Rzecz jasna, wzorem wysokobudżetowych hitów, Park… był pomyślany jako franczyza i wokół filmu rozkręcono spory, merchandisingowy szum, którego efektem były wspomniane wcześniej gazety, plakaty i zabawki. Mam przeczucie graniczące z pewnością, że seans filmu uruchomił w wielu osobach pragnienie zostania naukowcem: archeologiem, biologiem, biotechnologiem… Kto wie, czy postać Rossa Gellera z kultowych Przyjaciół, nie otrzymała zawodu i zainteresowań w rezultacie mody na dinozaury. Od pierwszych kinowych pokazów do czasów emisji w telewizji Park Jurajski zdążył stać się popkulturowym fenomenem, a jego dziedzictwo trwa do dziś.
Ale potężny, lecz krótkoręki T-Rex był bohaterem nie tylko Parku Jurajskiego.
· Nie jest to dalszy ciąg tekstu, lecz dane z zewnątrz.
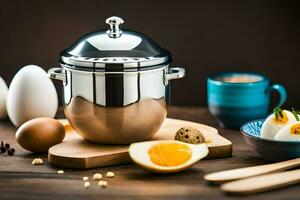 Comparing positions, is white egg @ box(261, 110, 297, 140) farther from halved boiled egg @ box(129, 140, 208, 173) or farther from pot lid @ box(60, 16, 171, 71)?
pot lid @ box(60, 16, 171, 71)

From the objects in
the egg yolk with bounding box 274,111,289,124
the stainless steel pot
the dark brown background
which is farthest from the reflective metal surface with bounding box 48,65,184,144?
the dark brown background

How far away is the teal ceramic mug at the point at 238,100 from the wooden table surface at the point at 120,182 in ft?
0.53

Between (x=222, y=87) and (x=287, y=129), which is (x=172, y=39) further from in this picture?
(x=287, y=129)

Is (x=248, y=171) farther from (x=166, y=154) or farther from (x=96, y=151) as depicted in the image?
(x=96, y=151)

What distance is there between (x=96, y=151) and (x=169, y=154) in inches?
6.1

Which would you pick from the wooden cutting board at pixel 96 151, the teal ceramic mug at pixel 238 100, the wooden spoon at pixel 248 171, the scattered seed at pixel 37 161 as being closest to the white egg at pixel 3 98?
the wooden cutting board at pixel 96 151

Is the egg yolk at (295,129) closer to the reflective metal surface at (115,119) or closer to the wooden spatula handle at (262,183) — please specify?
the wooden spatula handle at (262,183)

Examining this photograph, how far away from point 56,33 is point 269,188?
0.81 m

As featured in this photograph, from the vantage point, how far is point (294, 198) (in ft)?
4.13

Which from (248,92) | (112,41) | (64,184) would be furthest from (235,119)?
(64,184)

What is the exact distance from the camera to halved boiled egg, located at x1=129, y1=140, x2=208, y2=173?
137 cm

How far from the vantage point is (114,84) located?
4.76 feet

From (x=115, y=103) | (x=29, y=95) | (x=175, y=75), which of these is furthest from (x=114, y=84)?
(x=29, y=95)

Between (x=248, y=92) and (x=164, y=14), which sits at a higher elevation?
(x=164, y=14)
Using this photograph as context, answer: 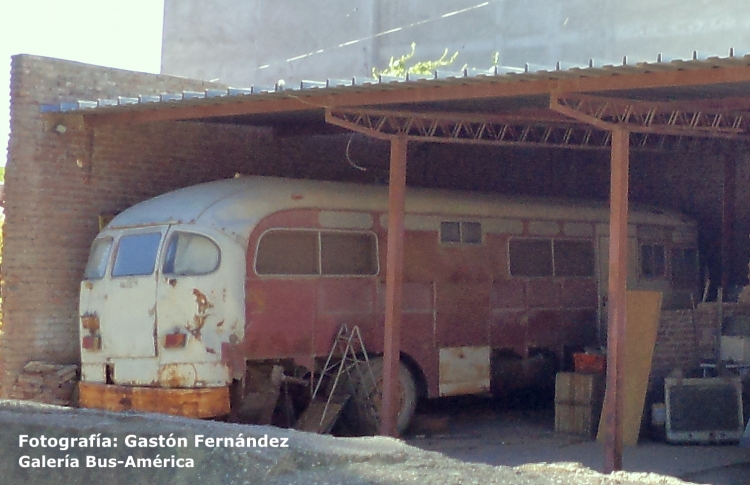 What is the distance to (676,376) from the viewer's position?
38.8 ft

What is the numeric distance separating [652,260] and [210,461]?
991cm

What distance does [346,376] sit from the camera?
11812 mm

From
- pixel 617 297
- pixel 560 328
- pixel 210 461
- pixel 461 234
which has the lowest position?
pixel 210 461

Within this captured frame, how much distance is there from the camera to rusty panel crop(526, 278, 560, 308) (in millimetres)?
13719

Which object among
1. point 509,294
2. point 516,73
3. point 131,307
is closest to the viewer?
point 516,73

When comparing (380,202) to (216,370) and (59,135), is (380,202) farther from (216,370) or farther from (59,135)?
(59,135)

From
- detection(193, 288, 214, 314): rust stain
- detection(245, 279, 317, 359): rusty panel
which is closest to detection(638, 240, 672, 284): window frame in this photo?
detection(245, 279, 317, 359): rusty panel

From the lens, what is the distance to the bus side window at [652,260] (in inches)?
605

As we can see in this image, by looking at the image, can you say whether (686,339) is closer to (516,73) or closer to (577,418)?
(577,418)

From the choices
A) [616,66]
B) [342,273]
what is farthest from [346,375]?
[616,66]

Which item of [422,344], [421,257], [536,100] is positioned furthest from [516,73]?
[422,344]

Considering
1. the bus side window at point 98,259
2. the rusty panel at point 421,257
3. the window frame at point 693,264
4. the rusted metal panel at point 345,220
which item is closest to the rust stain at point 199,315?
the bus side window at point 98,259

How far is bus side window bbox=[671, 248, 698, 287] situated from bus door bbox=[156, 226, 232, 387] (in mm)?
7618

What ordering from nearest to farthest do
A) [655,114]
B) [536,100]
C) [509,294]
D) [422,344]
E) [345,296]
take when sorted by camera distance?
[536,100]
[655,114]
[345,296]
[422,344]
[509,294] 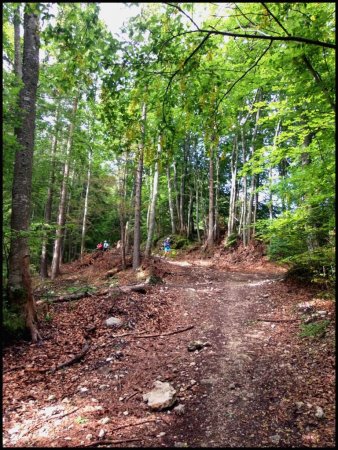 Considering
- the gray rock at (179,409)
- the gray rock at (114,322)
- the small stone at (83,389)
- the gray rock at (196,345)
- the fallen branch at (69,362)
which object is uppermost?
the gray rock at (114,322)

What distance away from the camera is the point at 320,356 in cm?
473

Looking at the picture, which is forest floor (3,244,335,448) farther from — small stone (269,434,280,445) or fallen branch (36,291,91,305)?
fallen branch (36,291,91,305)

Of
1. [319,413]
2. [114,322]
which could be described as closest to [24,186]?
[114,322]

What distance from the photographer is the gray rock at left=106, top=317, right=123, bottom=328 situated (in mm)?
6960

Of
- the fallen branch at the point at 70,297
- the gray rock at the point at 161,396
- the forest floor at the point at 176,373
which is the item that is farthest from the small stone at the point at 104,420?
the fallen branch at the point at 70,297

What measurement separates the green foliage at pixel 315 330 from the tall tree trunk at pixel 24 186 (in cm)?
555

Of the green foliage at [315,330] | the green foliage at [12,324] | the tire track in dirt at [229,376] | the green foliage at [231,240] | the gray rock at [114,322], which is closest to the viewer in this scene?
the tire track in dirt at [229,376]

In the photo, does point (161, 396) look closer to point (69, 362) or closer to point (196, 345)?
point (196, 345)

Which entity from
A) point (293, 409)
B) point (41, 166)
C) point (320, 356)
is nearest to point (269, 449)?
point (293, 409)

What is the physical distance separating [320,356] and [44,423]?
13.8 feet

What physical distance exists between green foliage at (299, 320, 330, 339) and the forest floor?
0.05 meters

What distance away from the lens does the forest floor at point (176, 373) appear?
11.2ft

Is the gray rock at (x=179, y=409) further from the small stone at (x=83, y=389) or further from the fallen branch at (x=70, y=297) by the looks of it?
the fallen branch at (x=70, y=297)

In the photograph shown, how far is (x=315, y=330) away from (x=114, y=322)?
14.4 ft
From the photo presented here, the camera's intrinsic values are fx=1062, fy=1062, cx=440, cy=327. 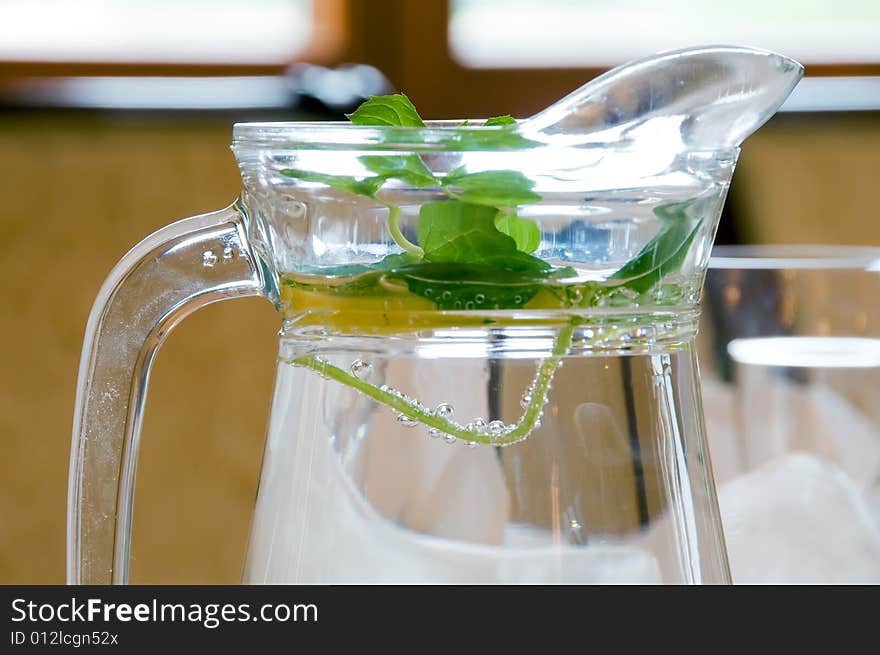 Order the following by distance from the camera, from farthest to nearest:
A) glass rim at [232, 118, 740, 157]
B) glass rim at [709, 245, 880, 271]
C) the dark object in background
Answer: the dark object in background, glass rim at [709, 245, 880, 271], glass rim at [232, 118, 740, 157]

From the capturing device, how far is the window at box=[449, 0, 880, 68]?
3.28ft

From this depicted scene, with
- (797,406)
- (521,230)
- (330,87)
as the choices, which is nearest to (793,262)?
(797,406)

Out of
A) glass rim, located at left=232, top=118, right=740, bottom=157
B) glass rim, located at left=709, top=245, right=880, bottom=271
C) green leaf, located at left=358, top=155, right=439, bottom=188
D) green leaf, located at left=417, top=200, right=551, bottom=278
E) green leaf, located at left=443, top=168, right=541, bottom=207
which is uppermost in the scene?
glass rim, located at left=709, top=245, right=880, bottom=271

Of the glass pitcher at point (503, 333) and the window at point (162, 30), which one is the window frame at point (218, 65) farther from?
the glass pitcher at point (503, 333)

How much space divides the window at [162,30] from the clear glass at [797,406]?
772 millimetres

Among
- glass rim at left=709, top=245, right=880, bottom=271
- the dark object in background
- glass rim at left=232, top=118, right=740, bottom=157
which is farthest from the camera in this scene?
the dark object in background

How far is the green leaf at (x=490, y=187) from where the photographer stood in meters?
0.16

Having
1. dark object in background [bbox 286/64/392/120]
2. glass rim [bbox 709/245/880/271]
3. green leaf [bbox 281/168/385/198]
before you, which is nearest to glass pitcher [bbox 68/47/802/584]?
green leaf [bbox 281/168/385/198]

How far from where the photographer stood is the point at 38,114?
0.99 meters

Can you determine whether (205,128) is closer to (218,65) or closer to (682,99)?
(218,65)

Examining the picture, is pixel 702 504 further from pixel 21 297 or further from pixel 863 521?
pixel 21 297

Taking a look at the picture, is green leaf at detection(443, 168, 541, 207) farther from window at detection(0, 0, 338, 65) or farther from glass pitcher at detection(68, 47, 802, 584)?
window at detection(0, 0, 338, 65) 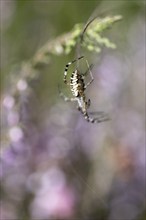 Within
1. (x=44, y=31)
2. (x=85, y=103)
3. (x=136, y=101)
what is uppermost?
(x=44, y=31)

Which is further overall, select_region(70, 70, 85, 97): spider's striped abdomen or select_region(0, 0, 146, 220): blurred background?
select_region(0, 0, 146, 220): blurred background

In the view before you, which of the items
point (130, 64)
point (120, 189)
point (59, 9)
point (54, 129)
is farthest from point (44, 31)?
point (120, 189)

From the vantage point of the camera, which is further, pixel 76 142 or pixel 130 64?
pixel 130 64

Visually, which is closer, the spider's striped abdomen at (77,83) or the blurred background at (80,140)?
the spider's striped abdomen at (77,83)

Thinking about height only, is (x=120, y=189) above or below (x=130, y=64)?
below

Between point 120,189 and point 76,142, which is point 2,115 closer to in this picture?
point 76,142

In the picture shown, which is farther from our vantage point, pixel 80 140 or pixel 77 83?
pixel 80 140

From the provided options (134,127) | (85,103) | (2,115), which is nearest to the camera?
(85,103)

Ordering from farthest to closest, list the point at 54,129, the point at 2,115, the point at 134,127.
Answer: the point at 134,127 → the point at 54,129 → the point at 2,115
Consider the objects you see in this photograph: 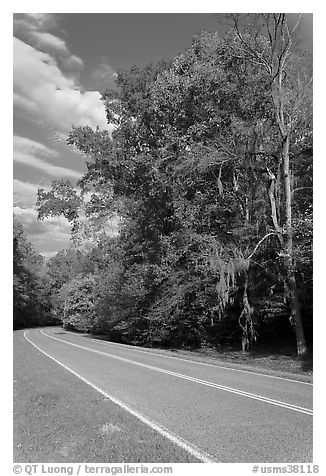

Dwa lata po filmie Spielberga byliśmy świadkami kolejnej rewolucji dokonanej w latach 90., a która stanowi ich symbol. Na ekrany kin trafiło Toy Story – pierwszy pełnometrażowy film animowany w całości za pomocą komputerów i jednocześnie pierwszy pełnometrażowy film studia Pixar, współtworzonego przez Steve’a Jobsa. Bohaterami tej mądrej i zabawnej opowieści były zabawki należące do nastoletniego Andy’ego. Szmaciany kowboj, samochodzik z napędem, plastikowy astronauta, lalka pasterka, zabawkowy T-Rex oraz kilka innych postaci ożywały, gdy tylko chłopiec wychodził z pokoju.
Toy Story jako seria dokonało rzeczy niemal niemożliwej: wprowadziło nowy trend do kina, zachwyciło krytyków, wkradło się w serca widowni, zapoczątkowało serię, której każda część była jednoznacznie pozytywnie oceniana, jednocześnie dostarczając wartościowego, mądrego, humanistycznego przekazu. I nawet jeśli jest jakiś etyczny zgrzyt między faktami, że Toy Story uczy nas szacunku do rzeczy martwych, a współzałożyciel Pixara, Steve Jobs, kojarzony jest z drogimi, komercyjnymi technologiami i jednocześnie wyzyskiwaniem taniej siły roboczej w Azji, to historia Chudego, Buzza i wesołej ferajny jest integralnym elementem życia wielu millenialsów. Czy jestem jedynym, który widząc w supermarkecie pełnowymiarową lalkę Chudego, czuje impuls włożenia jej do koszyka, zabrania do domu i przeżycia z nim jakiejś kosmicznej przygody na krańcu świata albo i dalej?